初期の名作『ファーゴ』から最近では『シリアスマン』など、うだつの上がらない男を主人公にした作品がたくさんあるコーエン兄弟ですが、新作『インサイド・ルーウィン・デイヴィス 名もなき男の歌』もそれに連なる秀作です。

今回の主人公は、売れないフォーク・シンガーの青年ルーウィン・デイヴィス。デイヴィスが次々と不運に見舞われる様子が、可笑しくも味わい深く描かれます。
  舞台となるのは60年代のニューヨーク、グリニッジ・ヴィレッジ。ガスライト・カフェでデイヴィスが歌い、その後に若き日のボブ・ディランらしき人物が登場するシーンもあります。ガスライト・カフェは、実際にディランが初期の頃に演奏した場所としても知られます。そういった当時の様々を、随所にちりばめているのも見所です。
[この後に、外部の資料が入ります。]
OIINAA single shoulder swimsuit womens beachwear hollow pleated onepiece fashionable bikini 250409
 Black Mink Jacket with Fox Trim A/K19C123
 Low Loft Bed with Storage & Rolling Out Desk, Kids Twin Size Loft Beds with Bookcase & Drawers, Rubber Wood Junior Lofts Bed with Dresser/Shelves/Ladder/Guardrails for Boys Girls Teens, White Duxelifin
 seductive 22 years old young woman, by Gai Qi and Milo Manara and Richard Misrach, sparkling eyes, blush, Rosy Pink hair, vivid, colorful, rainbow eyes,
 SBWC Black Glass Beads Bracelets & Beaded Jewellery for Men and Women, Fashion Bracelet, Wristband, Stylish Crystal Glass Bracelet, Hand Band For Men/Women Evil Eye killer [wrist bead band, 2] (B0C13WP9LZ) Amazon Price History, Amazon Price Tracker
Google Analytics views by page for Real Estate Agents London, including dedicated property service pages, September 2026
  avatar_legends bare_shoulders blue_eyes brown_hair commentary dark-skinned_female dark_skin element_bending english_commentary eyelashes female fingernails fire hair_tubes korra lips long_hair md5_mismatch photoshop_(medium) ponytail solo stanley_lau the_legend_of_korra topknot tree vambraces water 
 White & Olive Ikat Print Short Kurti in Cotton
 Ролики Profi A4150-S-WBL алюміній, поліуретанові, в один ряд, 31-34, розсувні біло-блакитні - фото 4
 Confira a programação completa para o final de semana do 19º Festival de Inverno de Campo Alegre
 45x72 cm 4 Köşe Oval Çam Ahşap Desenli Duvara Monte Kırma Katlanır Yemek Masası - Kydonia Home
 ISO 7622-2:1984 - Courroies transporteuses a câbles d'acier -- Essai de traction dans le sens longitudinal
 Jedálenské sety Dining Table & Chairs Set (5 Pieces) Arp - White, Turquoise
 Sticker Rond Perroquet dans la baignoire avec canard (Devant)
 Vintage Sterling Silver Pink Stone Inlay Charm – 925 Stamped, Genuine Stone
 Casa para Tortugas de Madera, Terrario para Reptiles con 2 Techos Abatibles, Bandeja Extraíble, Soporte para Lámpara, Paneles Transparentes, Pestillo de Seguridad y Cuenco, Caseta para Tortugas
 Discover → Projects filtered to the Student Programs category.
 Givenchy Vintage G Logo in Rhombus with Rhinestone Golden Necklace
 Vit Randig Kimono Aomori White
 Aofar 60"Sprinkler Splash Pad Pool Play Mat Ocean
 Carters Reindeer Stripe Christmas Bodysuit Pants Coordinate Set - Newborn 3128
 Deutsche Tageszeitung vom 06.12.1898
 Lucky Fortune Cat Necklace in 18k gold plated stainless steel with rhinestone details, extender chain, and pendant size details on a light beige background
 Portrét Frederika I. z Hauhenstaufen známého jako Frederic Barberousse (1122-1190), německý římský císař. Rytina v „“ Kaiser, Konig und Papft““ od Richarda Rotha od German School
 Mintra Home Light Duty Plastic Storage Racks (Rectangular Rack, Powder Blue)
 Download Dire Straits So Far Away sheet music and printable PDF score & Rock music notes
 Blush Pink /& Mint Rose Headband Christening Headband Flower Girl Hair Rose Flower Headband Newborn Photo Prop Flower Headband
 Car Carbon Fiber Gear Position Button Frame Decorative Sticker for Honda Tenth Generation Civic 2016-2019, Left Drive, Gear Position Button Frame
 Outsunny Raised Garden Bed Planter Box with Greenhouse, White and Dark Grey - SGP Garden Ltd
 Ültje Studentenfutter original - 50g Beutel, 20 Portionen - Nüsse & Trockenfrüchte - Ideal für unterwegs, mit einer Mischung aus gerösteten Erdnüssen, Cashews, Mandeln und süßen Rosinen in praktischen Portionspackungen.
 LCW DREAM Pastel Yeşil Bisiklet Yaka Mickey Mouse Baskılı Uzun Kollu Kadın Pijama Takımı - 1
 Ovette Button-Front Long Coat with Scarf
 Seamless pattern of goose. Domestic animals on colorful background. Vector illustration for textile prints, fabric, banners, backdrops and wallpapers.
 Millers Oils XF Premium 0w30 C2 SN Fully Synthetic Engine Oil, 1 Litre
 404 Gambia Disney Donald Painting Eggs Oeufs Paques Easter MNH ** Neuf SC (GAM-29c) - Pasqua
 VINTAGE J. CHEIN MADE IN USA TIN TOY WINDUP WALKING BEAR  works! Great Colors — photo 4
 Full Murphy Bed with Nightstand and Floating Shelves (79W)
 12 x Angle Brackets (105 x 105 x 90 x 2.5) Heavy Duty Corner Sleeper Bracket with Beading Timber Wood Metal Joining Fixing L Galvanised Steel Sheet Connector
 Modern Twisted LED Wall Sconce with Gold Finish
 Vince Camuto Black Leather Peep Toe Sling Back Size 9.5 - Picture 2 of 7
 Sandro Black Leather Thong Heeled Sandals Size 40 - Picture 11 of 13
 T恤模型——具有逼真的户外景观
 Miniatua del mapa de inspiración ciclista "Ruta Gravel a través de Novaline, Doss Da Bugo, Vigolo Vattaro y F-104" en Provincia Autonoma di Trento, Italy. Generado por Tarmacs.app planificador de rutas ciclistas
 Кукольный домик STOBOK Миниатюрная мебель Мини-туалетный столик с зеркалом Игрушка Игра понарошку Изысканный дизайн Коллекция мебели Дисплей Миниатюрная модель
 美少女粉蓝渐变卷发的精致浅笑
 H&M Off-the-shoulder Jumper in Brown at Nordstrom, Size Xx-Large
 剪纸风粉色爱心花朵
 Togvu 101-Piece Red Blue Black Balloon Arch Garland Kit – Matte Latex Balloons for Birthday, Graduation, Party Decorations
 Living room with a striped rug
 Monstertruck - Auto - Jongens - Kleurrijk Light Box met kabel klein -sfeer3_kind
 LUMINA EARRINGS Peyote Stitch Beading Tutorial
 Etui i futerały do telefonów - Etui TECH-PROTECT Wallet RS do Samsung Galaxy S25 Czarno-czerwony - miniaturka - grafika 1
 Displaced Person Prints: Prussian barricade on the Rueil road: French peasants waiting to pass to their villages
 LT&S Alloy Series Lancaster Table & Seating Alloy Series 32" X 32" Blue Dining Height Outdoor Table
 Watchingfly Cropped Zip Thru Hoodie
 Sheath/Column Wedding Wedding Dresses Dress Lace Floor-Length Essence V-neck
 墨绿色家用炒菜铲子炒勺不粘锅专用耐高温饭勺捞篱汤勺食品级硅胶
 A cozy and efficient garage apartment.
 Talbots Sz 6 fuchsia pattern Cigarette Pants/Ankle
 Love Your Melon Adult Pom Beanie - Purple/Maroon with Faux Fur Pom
本物のディランの未発表バージョン『Farewell』が使われているほか、当時の感じで歌っている楽曲も凝っています。
  デイヴィス役のオスカー・アイザックも、なかなか上手いです。相方と2人でデュエットしている曲が本格的と思ったら、相方の部分はマムフォード&サンズのマーカス・マムフォードが歌っていたのでした。
  マムフォードは、キャリー・マリガン(第2447回に写真)の夫。マリガンは、デイヴィスの元カノ役で出演しているので、何気に夫婦で参加だったのですね。
  その元カノの現在の彼氏役がジャスティン・ティンバーレイク。もちろん、歌います。それが『Please Mr.Kennedy』というおバカ・ソング。イケメンが歌うと、バカさが際立ちます。このためだけでも、ティンバーレイクを出した甲斐もあったというもの。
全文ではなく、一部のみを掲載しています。